The Lesson: Galway Man

The crux of this lesson is a short horror story called Galway Man. This piece has been designed as something that should be suitable for a Year 9 class exhibiting a range of different abilities and behaviours.

What this means is - it's relatively short to allow for engagement of students who struggle with attention in the classroom, and it's written in a way to allow accessibility for students who may have reading levels as low as those typically encountered in Stage 3. It's important to push student reading levels by exposing them to material that will challenge them but this is something that should be done purposefully and not all the time. If we're looking to build things like vocabulary, sustained understanding via extensive comprehension of cohesion, or an ability to parse sophisticated sentence structures then, of course, we should be challenging students with texts beyond their usual reading scope. However, if we want to work on introducing students to other skills like understanding symbolism and imagery, or the ability to explain genre, then we need simply-constructed texts that can allow for these things to be the focus.




The Lesson: Pre-Reading

Before reading the text it might be worth doing a quick check of student understanding regarding the phenomenon of bog bodies as this is the main idea behind the 'horror' of the text.
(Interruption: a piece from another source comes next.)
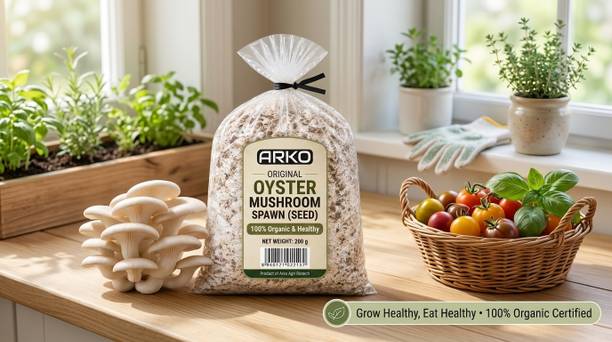 Arko Oyster Mushroom Spawn Grain Seeds – First Generation High Yield White Mycelium Seed
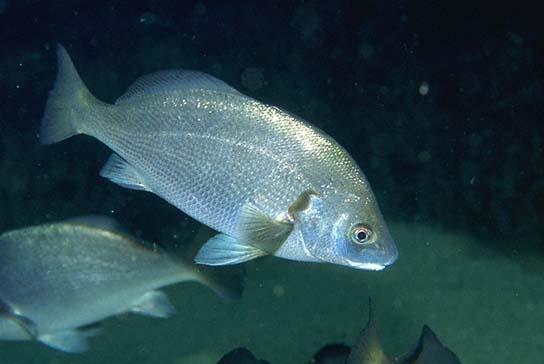 White Croaker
These bodies are human remains that have been accidentally preserved for thousands of years after being submerged in swampy peat-heavy marshland. Bog bodies tend to occur in Western Europe and date from the Bronze Age.


The Lesson: Post-Reading

Students can undertake one of the activity sheets after reading the short story. There are two ways to approach determining who does which sheet:
  1. Hand out the three different levels of sheets according to which students you think fit into the 'core', 'adjusted', and 'extension' groupings of ability. If any students question why they can't have a different sheet then, by all means, let them have a go at the sheet they prefer. If they find it too easy then you've both learned something, if they find it too hard then at least they challenged themselves.
  2. Let students pick the sheet they want to do - I usually place the sheets on a table underneath the whiteboard with arrows pointing down to the three piles labelling them as 'Regular', 'Hard', and 'Hardest'. It can very educational for the teacher to see which students pick which one. 
The sheets roughly correspond to the same pattern of learning broken into 4-5 sections.
  • Prediction: After students have been taken through the pre-reading PPT, ask them to think about what a short story called Galway Man might be about. Students then compare their prediction to how the story turned out.
  • Adjectives: Monitor the text to locate and isolate adjectives/adjectival groups.
  • Character or Flashback: Students actively consider the process of characterisation. This looks different on each sheet - ranging from a visualisation activity to an opportunity for students to draw explicit connections between a character and his purpose in the text. Some sheets may add or replace this with an examination of the story's use of a flashback as a structural narrative device.
  • Genre: Students identify the ways in which the story fits into a specific genre, developing increased awareness of the significance of code and convention.